# Subversion SSO  unter Linux?



## MaikHSW (10. Okt 2012)

Hey zusammen,
ich versuche mich gerade an einer Einführung Subversion bei meinem Kunden.
Prinzipiell ist man dem mehr als negativ gegenüber eingestellt, aber das wird noch.
Derzeit habe ich nur folgende Baustelle:

Es müssen mehrere Leute einchecken. Das ist insofern nichts neues. Allerdings wird ein zusätzlicher User als negativ betrachtet. Für Windows gibt es unzählige SSO Lösungen, aber für Linux?

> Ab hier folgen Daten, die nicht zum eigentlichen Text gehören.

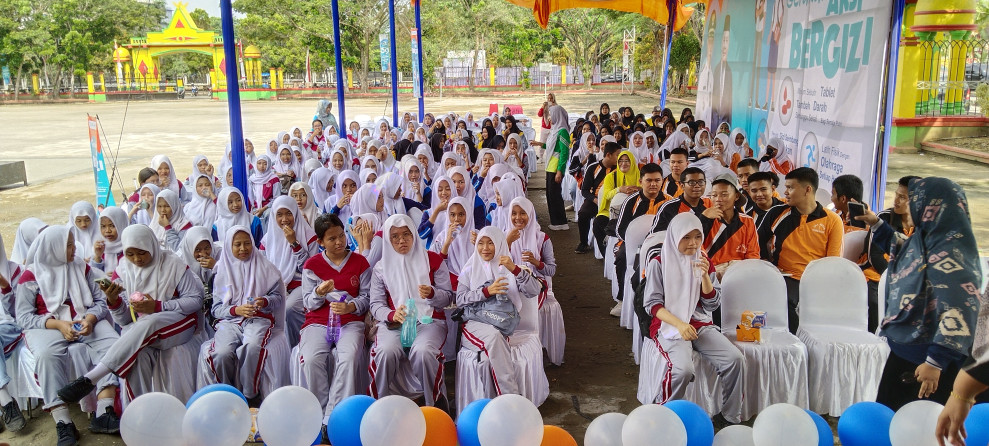 Puluhan siswa siswi Minum Tablet tambah Darah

Hat da einer von euch etwas im Einsatz?
Google fand leider auch nicht so recht was raus.
Ich kann unter Linux leider auch keinen speziellen Client nehmen, der SVN Standard muss reichen.
Es geht mir also primär darum, dass der Apache die Linux Clients bzw. die User identifizieren muss ohne ein Kennwort.

Zur Umgebung:
Das Subversion und der Apache laufen auf einem Windows Server, ein Transfer auf einen Linux Server ist derzeit nicht denkbar da der Kunde es so nicht möchte.

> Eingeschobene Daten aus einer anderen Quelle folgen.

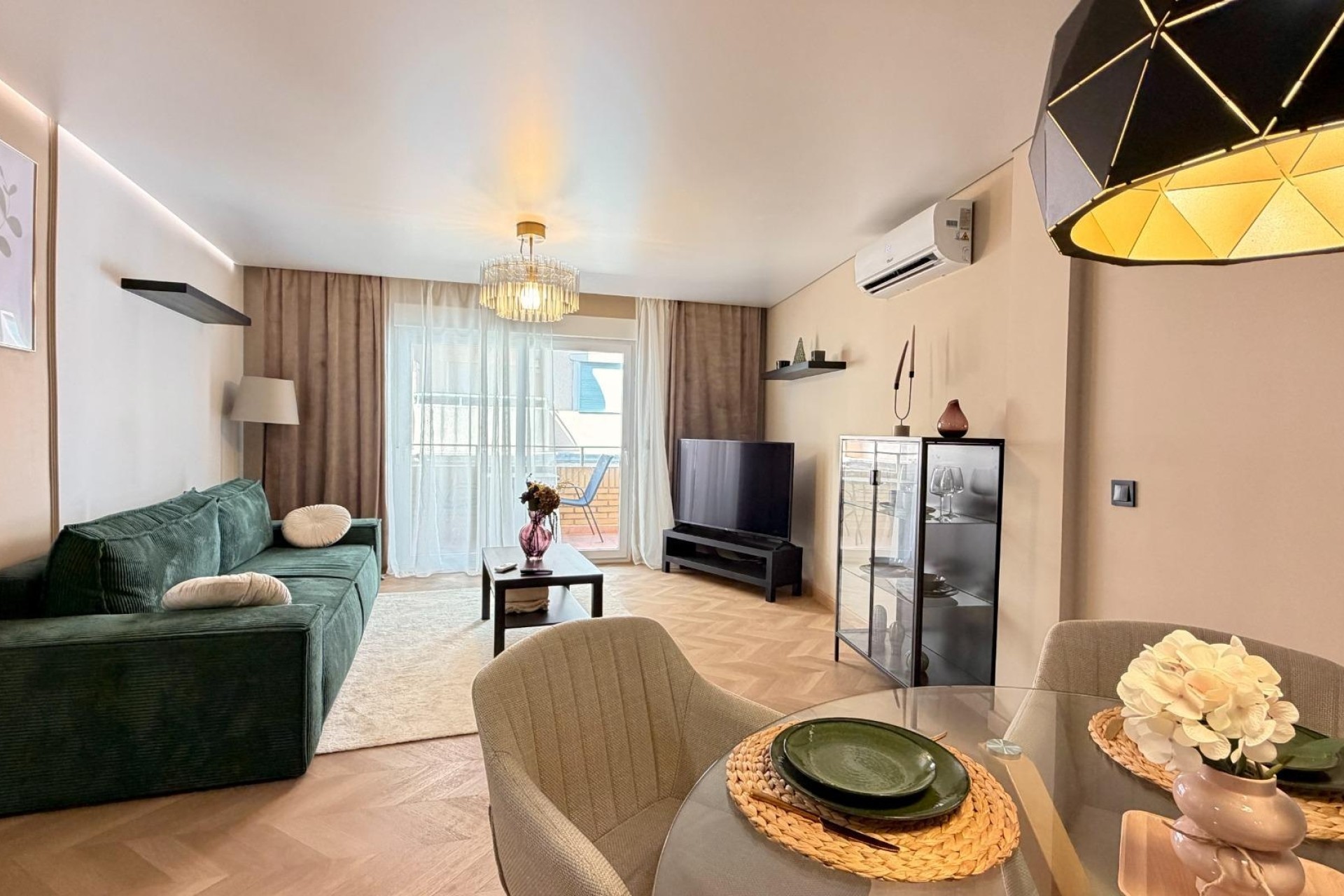 Venta - Apartamento / Piso -
Torrevieja - Playa del Cura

Hat da jemand Ideen oder gar fertige Lösungen?
Danke für jede Hilfe.


Gruß



Maik


----------



## schlingel (10. Okt 2012)

Was heißt ein zusätzlicher User? 

Es soll der lokale Linux-Benutzer der Programmierer als SVN-Benutzer verwendet werden? (this is madness!) Wenn dann würdest du irgendwie eine zentrale Stelle brauchen, die die User verwaltet. Dann könntest du so vorgehen wie in diesem SO-Post beschrieben.


----------



## MaikHSW (10. Okt 2012)

Hey Schzlingel.
Danke für deine Antwort.
Wenn ich das richtig verstanden habe macht deine Lösung folgendes:
Der Apache läuft unter Linux und das PWAUTH identifiziert einen User als lokalen User (in der Datei vorhanden).
Da mein Apache aber unter Windows läuft und lediglich der Client Linux ist bringt es mich nicht weiter.
Zumal der User bereits zentral verwaltet wird. 
In welchem Directory müsste ich nochmal erfragen.


Gruß


Maik


----------



## schlingel (10. Okt 2012)

Das Vorgehen bleibt ja das selbe. Der Apache für Windows wird ja über das selbe Config-File konfiguriert werden also weißt du so schon mal welche Änderungen einzupflegen sind. Der nächste Schritt ist eben herauszufinden wie die Linux-Benutzer verwaltet werden.


----------



## TheDarkRose (10. Okt 2012)

Der Apache übernimmt ja bei Subversion die Authentifizierung. Und für den Apache gibt es mod_authz_ldap womit du gegen euren AD/LDAP authentifizieren kannst. Oder du nimmst gleich Kerberos, wenn es im Intranet bleibt, dann braucht man nicht mal mehr Userdaten eingeben (noch nie ausprobiert, gegen einen AD hab ich Erfahrung) 

Gesendet von meinem Nexus 7 mit Tapatalk 2


----------